Il reste que les décisions des tribunaux n’auront qu’une portée limitée, et resteront des cas d’espèce, tant qu’aucune affaire n’aura pas été portée devant la Cour de Cassation, la seule juridiction susceptible de définir une véritable jurisprudence en la matière, notamment sur la notion de « carrossabilité »



Dans son jugement, le conseil d’Etat a cependant relevé que l’annexe 1 de la circulaire, relative aux quads, avait omis d’intégrer dans cette catégorie de véhicules, les quadricycles légers à moteur.

La Haute Juridiction a donc logiquement annulé cet article et poussé sa générosité jusqu’à accorder à chacune des 3 associations requérantes, une somme de 1000€ à la charge de l’Etat. Le succès est donc bien mince.

Le Codever et la FFM se consolent en clamant bien haut que les notions de « carrossabilité » ou les interdictions générales dans les zones Natura 2000 n’ont donc strictement aucune valeur juridique et ne pourront plus être invoquées par l’administration, tandis que, dans le même temps, la coordination d’associations à l’origine de la circulaire se félicite de sa validation par le conseil d’Etat.

Inspiratrice de la Circulaire Olin, la coordination pour l’adaptation des loisirs verts motorisés à l’environnement ( C.A.L.M.E ) regroupe diverses associations en bonnes grâces au Ministère comme le W.W.F., le Club Alpin Français et la Fédération Française de la Randonnée Pédestre et même depuis de longues années une campagne de dénigrement des loisirs motorisés. Ses représentants viennent d’ailleurs de rencontrer la Ministre pour lui déposer une pétition concurrente de celle du Codever.

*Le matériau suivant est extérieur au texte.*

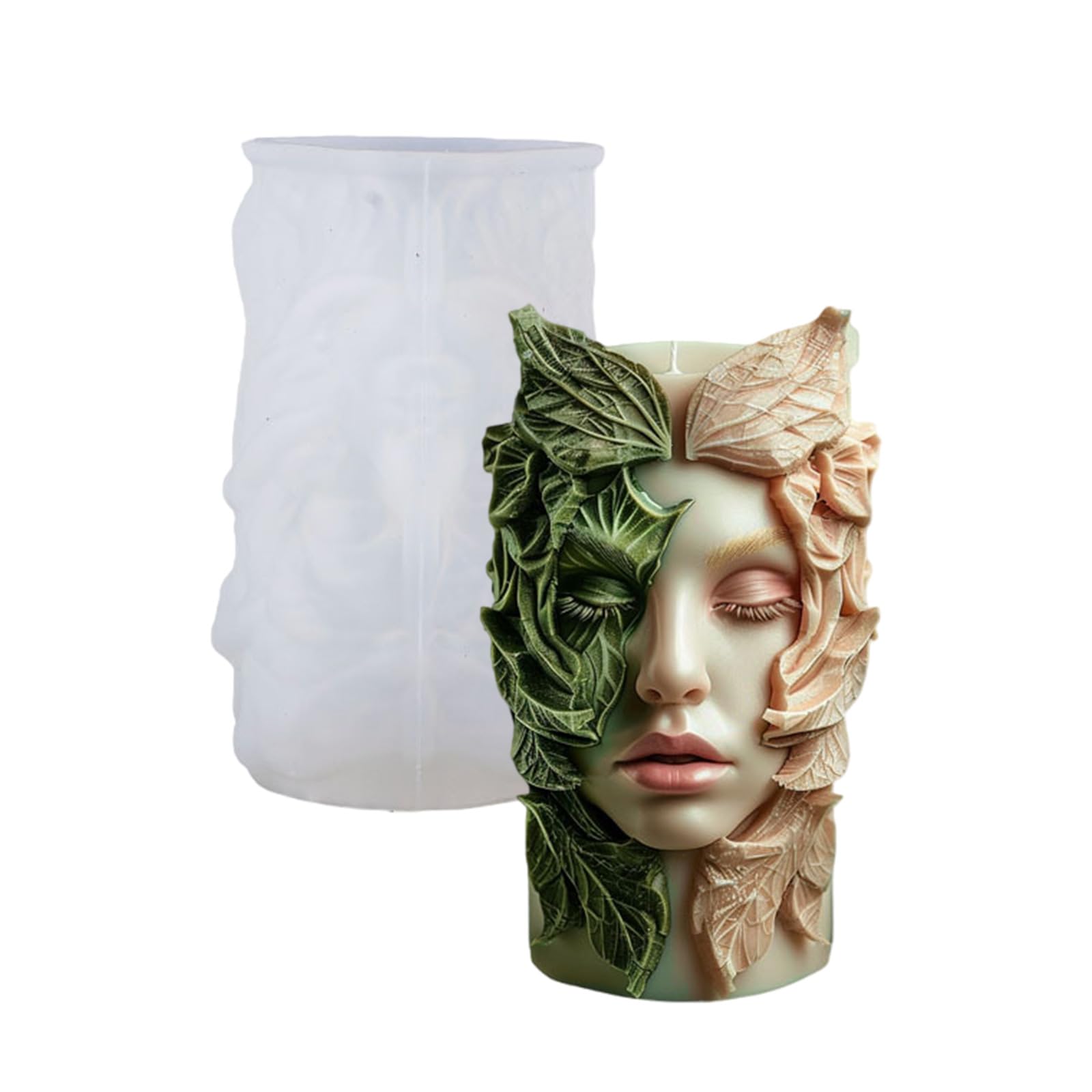 Alksubbm Flexible Silicone for Home Craft and Stones Figure Girl Making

Alors que son texte a été signé par un nombre de pétitionnaires sensiblement équivalent à celui réuni par le Codever, et que Daniel Rouzier, l’initiateur de cette pétition estimait en février 2006, qu’il fallait « réunir 3 ou 4 fois plus de signatures que nos contradicteurs motorisés », la C.A.L.M.E. n’hésite pas à se présenter comme la représentante de la « majorité silencieuse ». Comme le titrait le quotidien Le Monde, dans un article paru début février, la polémique continue !

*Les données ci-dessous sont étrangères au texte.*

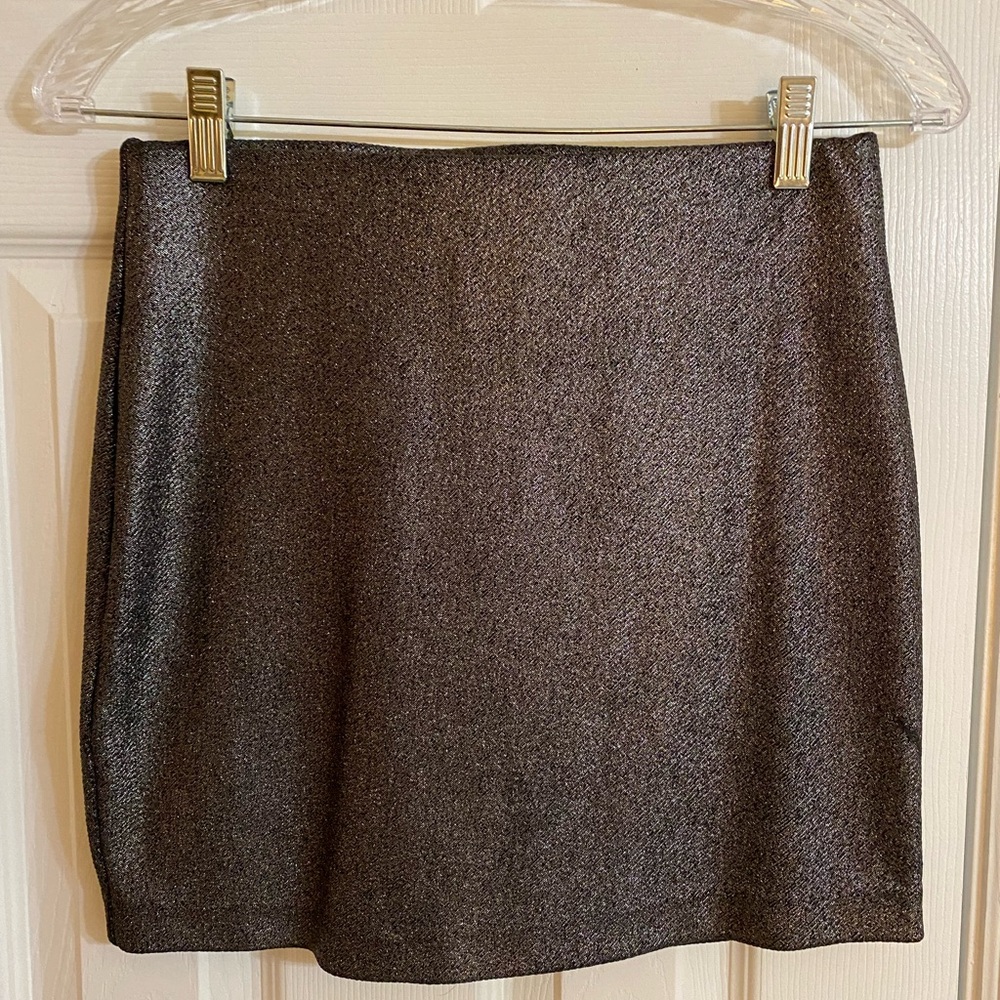 Metallic BCBG Mini Skirt Small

Ce résultat mitigé montre clairement les limites des « pinaillages juridiques » et des actions purement défensives menées par le Codever. Il sanctionne également la politique de la chaise vide suivie par ce même organisme depuis plusieurs années. Les dirigeants du Codever se sont avant tout contentés de jouer de la provocation et des incantations, sans prouver qu’ils avaient la capacité de rassembler les forces vives nécessaires à la défense des loisirs motorisés, ni les compétences stratégiques pour imaginer et organiser les actions qui s’imposent pour assurer notre avenir.

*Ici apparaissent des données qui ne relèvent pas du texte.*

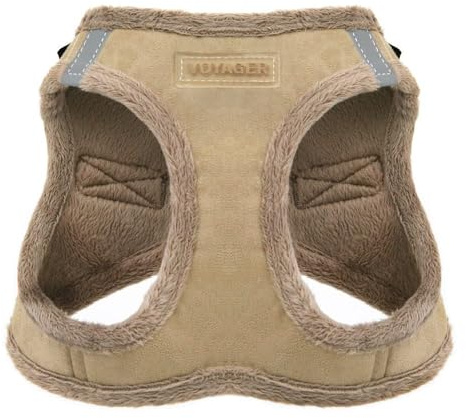 Voyager Step-In Plüsch-Hundegeschirr by Best Pet Supplies - Step-In-Westengeschirr für kleine und mittelgroße Hunde, Weicher Plüsch, Latter, size M - Brust 40- 45 cm | 40,6–45,7 cm Brustumfang, weicher Plüsch, reflektierende Bänder, Kaltwettergeschirr, kompatibel mit Katzen. Step-In-Stil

Les initiatives constructives comme la pétition, la création d’un réseau de correspondants locaux et d’un observatoire des chemins, sont ainsi toutes venues de l’extérieur du bureau du Codever. Les milliers de passionnés qui ont participé aux différentes manifestations ont donc largement de quoi être déçus.

Tout laisse penser que la Circulaire Olin est avant tout un message politique. Dès sa prise de fonction, la Ministre a voulu donner des gages aux organisations écologistes. C’est donc sur le terrain politique qu’il fallait d’abord réagir. L’occasion de réhabiliter nos loisirs qui était offerte par la situation politique actuelle, l’approche des élections et les maladresses de Madame Olin ne se représentera peut-être pas de sitôt.

Les contacts locaux avec des élus sont restés des initiatives locales, alors même que le poids économique et politique que nous représentons est largement supérieur à celui des partis et des associations écologistes. Ce rapport de force favorable permettait une action auprès des parlementaires, comme l’ont montré les clubs auvergnats et le groupe présidé par Gérard Beaud en Haute-Loire. Accompagnés de plusieurs députés et sénateurs, ces derniers ont en effet été reçu au ministère de l »Ecologie, dont les représentants ont accepté le principe d’une modification de la loi Lalonde.

A l’heure où se profile la 14eme Journée des chemins, organisée le 1er avril, on se rappellera que sa première édition avait été parrainée par le Ministre de l’Environnement. De quoi mesurer la largeur du fossé qui s’est creusé… et du chemin qui reste à faire.